Aber dieser Ventilator, der ist schon geil. Da greift Murray auf eine seiner legendäreren Ideen aus seiner Formel-1-Zeit zurück. 1978 waren Niki Lauda und John Watson mit dem Brabham BT46 unterwegs. Aufgrund des flachen, breiten Designs des Alfa-Romeo-V12s konnte Brabham keine Bodeneffekt-Autos konstruieren, wie das Lotus und die Konkurrenz erfolgreich machten. Gordon Murray montierte stattdessen einen Staubsauger.

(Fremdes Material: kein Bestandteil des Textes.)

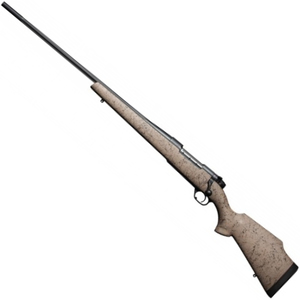 Weatherby Mark V Ultra Lightweight Left Hand Black/Tan Bolt Action Rifle - 257 Weatherby Magnum - 26in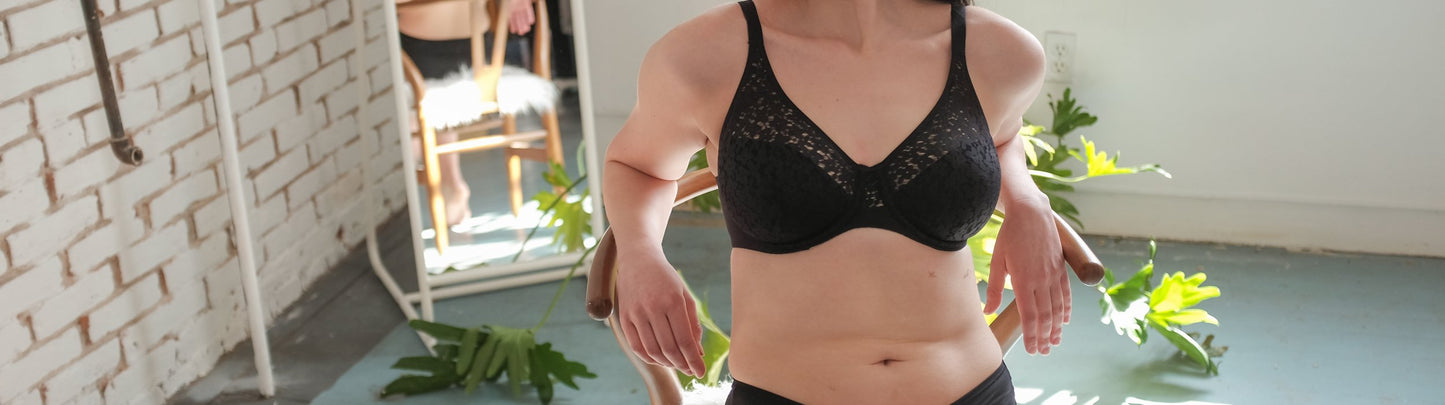 Best Unlined Bras For Style & Support - Unlined Underwire & Plunge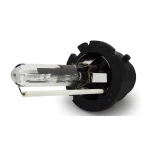 Set 2 becuri Xenon D2R White auto pentru far suport plastic 35W 6000K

Gewissermassen. Am Heck des BT46 wurde ein Ventilator montiert, der Luft vom Unterboden saugte und nach hinten hinaus blies. Dieses Verfahren sorgte für einen niedrigen Druck unter dem Fahrzeug, das somit vom äusseren Luftdruck gegen den Boden gepresst wurde. Um den Wagen regelkonform einzuschreiben, war das Gebläse offiziell ein Teil der Motorkühlung. Der Wagen wurde als BT46B für den Grossen Preis von Schweden 1978 zugelassen. Bereits im Training schrie die Konkurrenz Zeter und Mordio und setzte alles daran, den «sucker car» für illegal erklären zu lassen – was ihnen später auch gelang, da der Propeller eine verbotene «bewegliche aerodynamische Einheit» darstellte. Doch der GP von Schweden wurde gefahren – und von Lauda gewonnen. Gordon Murrays Konstruktion funktionierte.

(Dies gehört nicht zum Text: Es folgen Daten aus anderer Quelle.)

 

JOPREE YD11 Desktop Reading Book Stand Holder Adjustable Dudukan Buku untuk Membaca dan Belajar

Und dieses Konzept ist mitunter auch der Grund, weshalb der neue T.50 nicht wie eine Origami-Kreation aussieht, sondern ein schlichtes, aerodynamisches Design aufweist. Das Auto saugt sich an die Strassenoberfläche. Driver focus, wieder, also. Was aber mitnichten heisst, dass das eins dieser brettharten Minimalautos geworden ist, bei dem man auf jeglichen Komfort verzichtet hat der Leistung willen. Nein, der T.50 hat Klimaanlage und eine fette Stereoanlage und Navi selbstredend auch.
Aber es gibt keine Touchscreens und dergleichen. Alles, was der Fahrer wirklich braucht, liegt im direkten Zugriff im Bereich zwischen Lenkrad und Schaltknüppel. Hinter dem Lenkrad ein grosser analoger Drehzahlmesser, links und rechts davon zwei Funktionsdisplays – links für Motor- und Fahrzeugdaten, rechts für Navigation und Infotainment. Letzteres wird komplett vom eigenen Handy gespiesen.
«The last great analogue supercar», so Gordon Murray, hat also durchaus eine Portion Elektronik. Genug, um Common-Sense-Komfort zu ermöglichen. Wenig genug, um ein ungestörtes Fahrerlebnis zu ermöglichen.
Vom T.50 werden 2022 genau 100 Stück gebaut. Rund 70 sind schon verkauft – die meisten an Besitzer im Alterssegment von 30 bis 45 Jahren. Jene Generation also, die mit dem McLaren-F1-Poster an der Schlafzimmerwand aufwuchsen und nun feststellen, dass originale F1 inzwischen weit über 10 Millionen Dollar kosten. Da ist ein nigelnagelneuer Gordon Murray T.50 für 3 Millionen geradezu preiswert.